You may find some of the code from the in class notes useful; feel free to use methods (rewrite them in this cell as well).  Test them by showing the score of the first sentence in your article using the frequent tokens and frequent lemmas identified in question 3.

In [None]:
def score_sentence_by_token(sentence, interesting_token, nlp_model = "en_core_web_sm"):
    #Initialize language and doc
    nlp = spacy.load(nlp_model)
    doc = nlp(sentence)

    all_tokens = [token.text.lower() for token in doc if token.is_alpha]
    hits = sum(1 for token in all_tokens if token in interesting_token)

    total_tokens = len(all_tokens)

    if total_tokens == 0:
        return 0.0
    
    score = hits/total_tokens
    return score

def score_sentence_by_lemma(sentence, interesting_lemma, nlp_model = "en_core_web_sm"):
    #Initialize language and doc
    nlp = spacy.load(nlp_model)
    doc = nlp(sentence)

    all_lemmas = [token.lemma_.lower() for token in doc if not token.is_stop and token.is_alpha]
    hits = sum(1 for token in all_lemmas if token in interesting_lemma)

    total_lemmas = len(all_lemmas)

    if total_lemmas == 0:
        return 0.0
    
    score = hits/total_lemmas
    return score

6. Make a list containing the scores (using tokens) of every sentence in the article, and plot a histogram with appropriate titles and axis labels of the scores. From your histogram, what seems to be the most common range of scores (put the answer in a comment after your code)?

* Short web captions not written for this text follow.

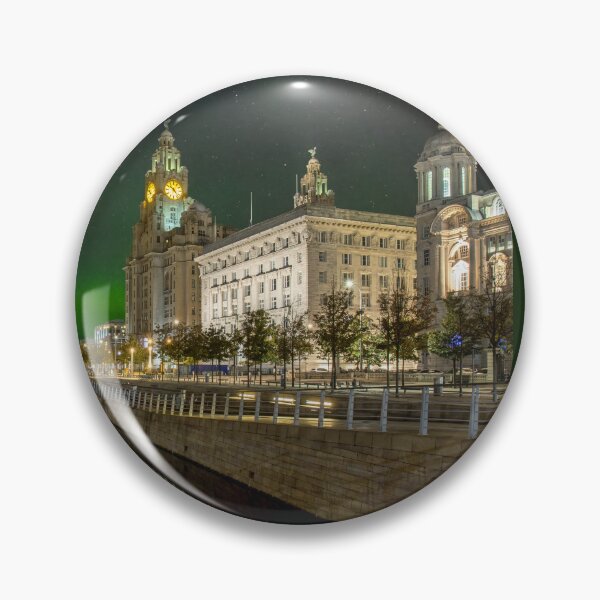 Item preview, Liverpool Three Graces Northern Lights designed and sold by Alisonchambers2.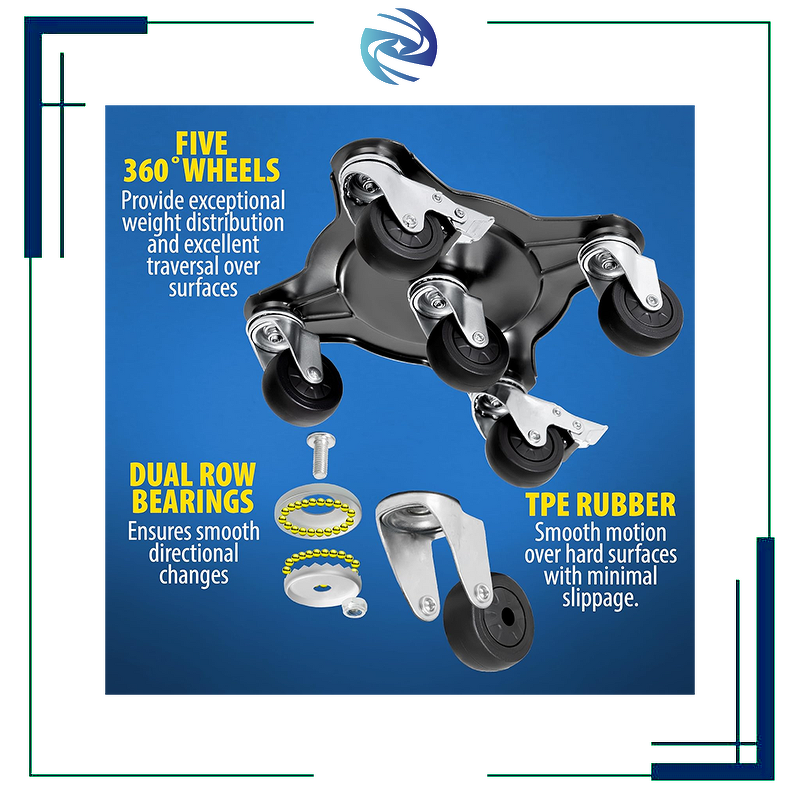 Furniture Lift Mover Tool Set Factory - 4 Pack 3300LBS Thickened Steel Panel 4 Wheels Large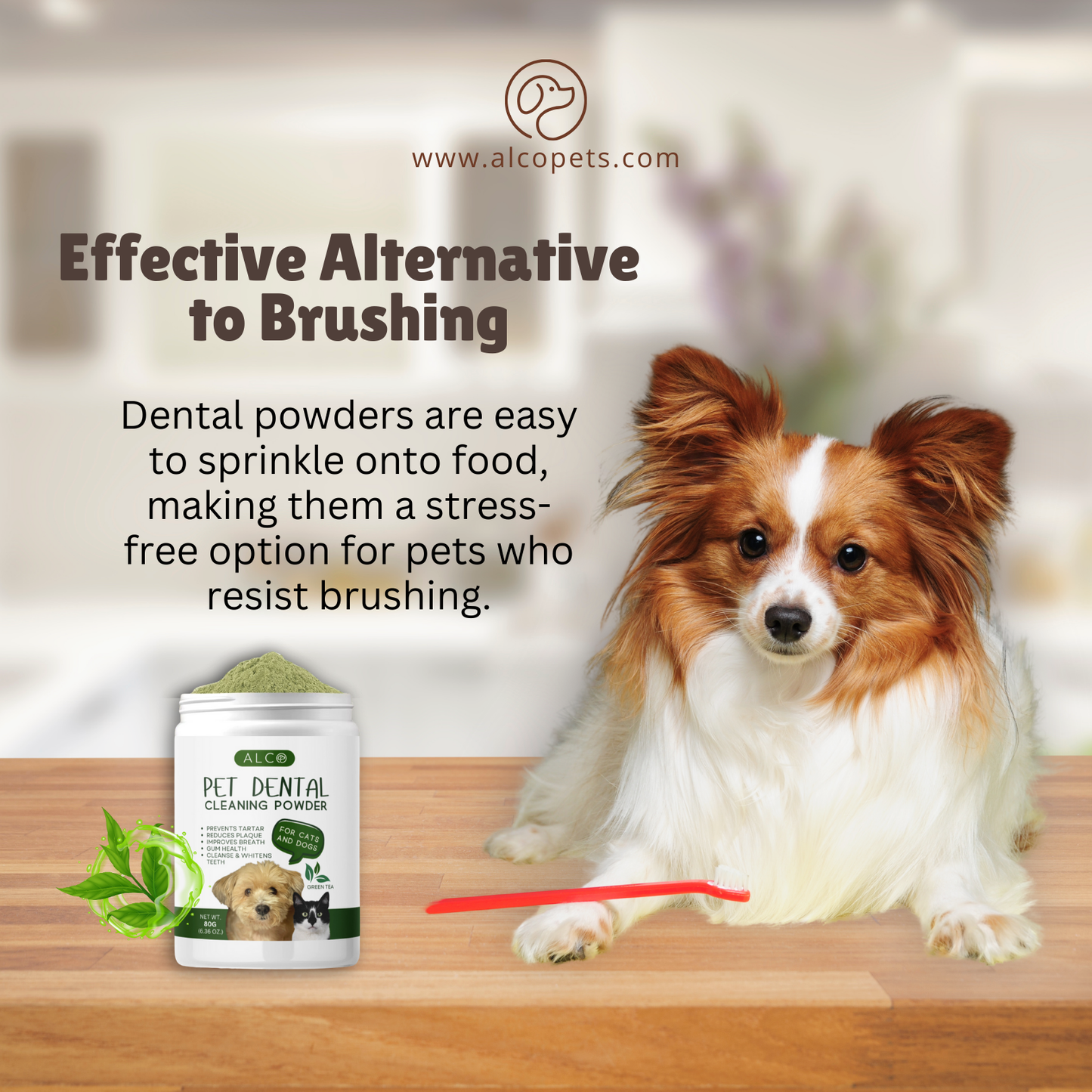 Alco Pet Dental Cleaning Powder 80G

7. Make a list containing the scores (using lemmas) of every sentence in the article, and plot a histogram with appropriate titles and axis labels of the scores.  From your histogram, what seems to be the most common range of scores (put the answer in a comment after your code)?

8. Which tokens and lexems would be ommitted from the lists generated in questions 3 and 4 if we only wanted to consider nouns as interesting words?  How might we change the code to only consider nouns? Put your answer in this Markdown cell (you can edit it by double clicking it).